But, Michael Gravelle said on Friday, there’s no reason to doubt it can’t rebound and challenge mining in terms of job creation and economic impact in the province. He added the creation of the Nawiinginokiima Forest Management Corporation and the appointment of its first chairman and board of directors is a positive step in that direction.
Gravelle, speaking for Minister of Natural Resources David Orazietti, announced Confederation College’s Daryl Skworchinski has been tagged to lead the NFMC, which will make local wood and fibre allocation decisions in four forest management units – Nagagami, White River, Big Pic and Pic River.
Change is good, Gravelle said.
“Before we saw our crown wood sitting on the forest floor during very difficult times, not able to allocate it to those who had some keen interest in getting some wood supply to their own project,” he said.
The new model, rolled out two years ago in the province’s forest tenure reform, will allow Aboriginal and non-Aboriginal communities to get together with industry and use the forests in a much more efficient manner to create jobs and help restore a forest sector that employed 84,500 people directly in 2005, just 53,500 in 2011.
“It is a pilot,” Gravelle cautioned, adding another local forest management corporation is being considered for Northeastern Ontario.
“We want to see how it works.
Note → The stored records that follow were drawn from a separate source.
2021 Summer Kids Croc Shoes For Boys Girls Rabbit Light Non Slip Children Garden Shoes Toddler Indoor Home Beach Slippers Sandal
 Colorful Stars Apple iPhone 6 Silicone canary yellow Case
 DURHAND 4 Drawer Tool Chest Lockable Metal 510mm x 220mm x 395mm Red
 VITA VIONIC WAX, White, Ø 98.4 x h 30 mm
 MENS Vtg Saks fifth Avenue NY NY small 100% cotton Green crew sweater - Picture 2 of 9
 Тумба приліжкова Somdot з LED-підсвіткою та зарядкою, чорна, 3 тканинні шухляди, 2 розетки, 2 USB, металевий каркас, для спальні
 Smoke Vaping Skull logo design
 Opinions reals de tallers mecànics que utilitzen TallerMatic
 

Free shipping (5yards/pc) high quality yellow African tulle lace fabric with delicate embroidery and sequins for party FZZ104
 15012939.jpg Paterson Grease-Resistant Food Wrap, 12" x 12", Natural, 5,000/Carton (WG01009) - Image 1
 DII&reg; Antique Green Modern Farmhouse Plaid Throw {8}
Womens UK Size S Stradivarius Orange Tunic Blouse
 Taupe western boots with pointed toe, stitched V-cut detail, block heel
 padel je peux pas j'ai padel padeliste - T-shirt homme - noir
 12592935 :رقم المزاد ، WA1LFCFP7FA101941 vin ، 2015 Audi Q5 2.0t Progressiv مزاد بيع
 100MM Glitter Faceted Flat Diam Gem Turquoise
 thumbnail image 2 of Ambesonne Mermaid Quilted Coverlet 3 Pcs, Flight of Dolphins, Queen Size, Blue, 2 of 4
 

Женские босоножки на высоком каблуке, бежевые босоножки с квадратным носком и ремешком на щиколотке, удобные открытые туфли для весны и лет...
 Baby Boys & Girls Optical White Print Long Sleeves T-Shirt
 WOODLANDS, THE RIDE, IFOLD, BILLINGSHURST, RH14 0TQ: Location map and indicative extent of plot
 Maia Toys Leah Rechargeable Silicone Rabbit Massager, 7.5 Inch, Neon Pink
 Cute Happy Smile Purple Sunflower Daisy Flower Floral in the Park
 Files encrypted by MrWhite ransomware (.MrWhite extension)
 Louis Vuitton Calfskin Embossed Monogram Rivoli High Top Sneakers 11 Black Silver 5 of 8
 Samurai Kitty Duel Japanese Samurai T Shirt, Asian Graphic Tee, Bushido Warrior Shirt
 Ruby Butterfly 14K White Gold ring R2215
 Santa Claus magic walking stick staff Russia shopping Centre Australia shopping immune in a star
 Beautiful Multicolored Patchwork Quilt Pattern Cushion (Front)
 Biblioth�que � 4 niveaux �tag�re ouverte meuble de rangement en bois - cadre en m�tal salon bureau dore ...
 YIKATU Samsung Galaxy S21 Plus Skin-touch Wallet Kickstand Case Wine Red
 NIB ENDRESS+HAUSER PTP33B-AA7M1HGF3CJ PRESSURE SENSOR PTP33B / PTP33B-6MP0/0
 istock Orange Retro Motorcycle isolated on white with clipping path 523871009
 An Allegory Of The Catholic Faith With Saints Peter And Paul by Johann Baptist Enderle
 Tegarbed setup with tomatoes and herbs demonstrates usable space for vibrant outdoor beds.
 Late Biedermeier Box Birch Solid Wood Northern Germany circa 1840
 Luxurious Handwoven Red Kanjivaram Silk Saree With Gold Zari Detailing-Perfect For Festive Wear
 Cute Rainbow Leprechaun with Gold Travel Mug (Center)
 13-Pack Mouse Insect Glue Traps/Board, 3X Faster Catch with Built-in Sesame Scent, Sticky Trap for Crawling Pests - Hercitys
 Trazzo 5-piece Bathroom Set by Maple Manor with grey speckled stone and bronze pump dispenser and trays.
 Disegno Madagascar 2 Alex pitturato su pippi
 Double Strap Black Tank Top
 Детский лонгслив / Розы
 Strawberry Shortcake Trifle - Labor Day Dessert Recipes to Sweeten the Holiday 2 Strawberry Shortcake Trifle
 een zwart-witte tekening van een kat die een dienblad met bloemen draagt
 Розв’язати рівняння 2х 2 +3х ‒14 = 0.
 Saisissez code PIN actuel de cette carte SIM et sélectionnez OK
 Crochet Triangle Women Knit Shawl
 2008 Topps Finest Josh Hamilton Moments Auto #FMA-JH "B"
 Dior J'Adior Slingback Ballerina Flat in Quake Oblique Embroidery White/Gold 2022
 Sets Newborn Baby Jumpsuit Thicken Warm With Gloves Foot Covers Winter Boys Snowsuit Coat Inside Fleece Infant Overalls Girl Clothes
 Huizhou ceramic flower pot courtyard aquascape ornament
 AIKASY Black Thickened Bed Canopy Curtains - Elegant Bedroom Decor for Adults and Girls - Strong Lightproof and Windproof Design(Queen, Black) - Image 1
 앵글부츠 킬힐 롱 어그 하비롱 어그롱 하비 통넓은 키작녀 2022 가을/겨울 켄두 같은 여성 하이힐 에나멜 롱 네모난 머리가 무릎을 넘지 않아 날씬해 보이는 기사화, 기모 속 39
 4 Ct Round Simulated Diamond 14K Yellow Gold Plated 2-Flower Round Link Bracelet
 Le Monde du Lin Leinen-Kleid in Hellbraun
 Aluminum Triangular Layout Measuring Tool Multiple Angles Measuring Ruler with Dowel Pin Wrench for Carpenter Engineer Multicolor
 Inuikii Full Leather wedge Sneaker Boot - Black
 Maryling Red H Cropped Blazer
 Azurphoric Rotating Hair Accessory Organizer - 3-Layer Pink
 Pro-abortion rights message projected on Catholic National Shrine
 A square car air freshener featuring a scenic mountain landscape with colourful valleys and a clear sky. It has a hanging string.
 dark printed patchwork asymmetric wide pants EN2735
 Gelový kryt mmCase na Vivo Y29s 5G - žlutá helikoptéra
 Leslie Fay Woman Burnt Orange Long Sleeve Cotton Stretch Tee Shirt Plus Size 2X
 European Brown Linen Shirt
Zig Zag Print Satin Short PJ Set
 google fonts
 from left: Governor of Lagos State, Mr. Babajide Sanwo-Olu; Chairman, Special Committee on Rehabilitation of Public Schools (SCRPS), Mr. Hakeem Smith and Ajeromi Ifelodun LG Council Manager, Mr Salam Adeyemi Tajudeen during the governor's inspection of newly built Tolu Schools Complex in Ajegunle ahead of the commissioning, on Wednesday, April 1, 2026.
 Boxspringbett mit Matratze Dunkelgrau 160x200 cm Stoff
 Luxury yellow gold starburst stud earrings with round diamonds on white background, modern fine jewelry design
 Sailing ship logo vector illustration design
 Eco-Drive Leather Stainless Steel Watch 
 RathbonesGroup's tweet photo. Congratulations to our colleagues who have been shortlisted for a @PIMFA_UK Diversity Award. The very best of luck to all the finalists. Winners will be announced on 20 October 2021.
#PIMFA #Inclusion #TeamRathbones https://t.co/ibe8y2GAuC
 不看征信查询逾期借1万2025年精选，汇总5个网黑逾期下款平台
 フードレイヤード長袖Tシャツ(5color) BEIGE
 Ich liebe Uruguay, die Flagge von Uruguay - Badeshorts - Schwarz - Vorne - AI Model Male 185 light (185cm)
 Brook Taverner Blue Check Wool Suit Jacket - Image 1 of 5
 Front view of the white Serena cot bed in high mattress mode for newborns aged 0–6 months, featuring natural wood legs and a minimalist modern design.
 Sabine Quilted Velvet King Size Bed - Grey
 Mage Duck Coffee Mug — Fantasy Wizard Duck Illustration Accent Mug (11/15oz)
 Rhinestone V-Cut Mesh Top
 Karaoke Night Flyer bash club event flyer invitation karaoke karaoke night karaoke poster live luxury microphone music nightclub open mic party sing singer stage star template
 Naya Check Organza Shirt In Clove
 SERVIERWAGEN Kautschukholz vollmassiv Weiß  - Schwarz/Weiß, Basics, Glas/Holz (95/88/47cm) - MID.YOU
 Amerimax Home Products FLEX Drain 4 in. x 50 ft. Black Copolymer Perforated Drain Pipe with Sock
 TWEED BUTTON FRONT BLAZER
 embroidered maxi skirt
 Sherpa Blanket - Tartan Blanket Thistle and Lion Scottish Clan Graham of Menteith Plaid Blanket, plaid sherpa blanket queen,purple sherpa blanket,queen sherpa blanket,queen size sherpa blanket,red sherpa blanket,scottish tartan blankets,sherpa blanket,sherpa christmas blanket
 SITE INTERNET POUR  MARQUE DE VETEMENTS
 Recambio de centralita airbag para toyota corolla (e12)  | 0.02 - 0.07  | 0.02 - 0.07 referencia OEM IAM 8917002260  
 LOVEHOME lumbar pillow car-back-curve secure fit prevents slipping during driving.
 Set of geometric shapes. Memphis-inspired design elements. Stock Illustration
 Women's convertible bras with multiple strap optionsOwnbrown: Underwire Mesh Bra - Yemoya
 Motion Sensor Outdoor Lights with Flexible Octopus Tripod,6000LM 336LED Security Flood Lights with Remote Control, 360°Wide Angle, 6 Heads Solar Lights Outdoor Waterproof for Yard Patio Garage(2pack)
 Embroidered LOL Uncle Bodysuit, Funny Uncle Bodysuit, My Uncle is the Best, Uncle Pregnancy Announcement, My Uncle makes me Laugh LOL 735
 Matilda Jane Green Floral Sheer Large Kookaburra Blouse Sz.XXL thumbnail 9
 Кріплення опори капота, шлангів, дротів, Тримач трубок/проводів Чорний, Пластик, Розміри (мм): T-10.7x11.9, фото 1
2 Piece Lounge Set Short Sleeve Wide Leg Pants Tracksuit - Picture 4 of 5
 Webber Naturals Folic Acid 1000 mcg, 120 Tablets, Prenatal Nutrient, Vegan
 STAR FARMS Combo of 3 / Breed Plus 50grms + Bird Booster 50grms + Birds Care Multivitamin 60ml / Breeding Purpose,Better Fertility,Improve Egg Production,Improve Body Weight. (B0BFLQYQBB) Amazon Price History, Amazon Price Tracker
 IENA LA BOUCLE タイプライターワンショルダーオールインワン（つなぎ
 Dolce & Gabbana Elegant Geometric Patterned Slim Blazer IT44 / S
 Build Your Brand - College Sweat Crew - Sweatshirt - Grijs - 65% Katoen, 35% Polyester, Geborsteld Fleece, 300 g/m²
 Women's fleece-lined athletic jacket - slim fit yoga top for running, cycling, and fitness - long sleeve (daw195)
We’ve now got a board in place, a competent able board of people who are well-acquainted with the forestry sector, who will now be working to put a general manager in place, to put up a business plan to get fully operational within a year to basically go about re-energizing our forest sector in a way that I think is going to become very exciting for the future of the industry.”
Skworchinski said localizing the decision-making process is win-win for everyone.
He added they’ve been collectively working toward a successful LFMC model for the past three or four years.
“This is really a gigantic step in terms of forest tenure. It’s totally new, but the most exciting part is it’s really been driven by the communities. So it’s truly been a ground-up approach. It hasn’t been a government-down approach,” he said.
“It’s been people on the ground, in our communities coming up with the thoughts, the ideas and the plan to make this happen.”
People in Ontario’s northwest understand the needs and abilities of the region, and will make much better decisions at the local level. Coupled with the bounce-back of the forest industry, he believes it’s a model that will work well.
Changes to government legislation and funding will also help the plan succeed.
“I think there is a shift in what we can do from a business-planning standpoint to ensure that we are successful.”
He added he expects to see results within six to 12 months, and ultimately the LFMC model will be the envy of the forestry world on a global scale.
“In five years we’re going to be a model that is going to want to be replicated,” he said.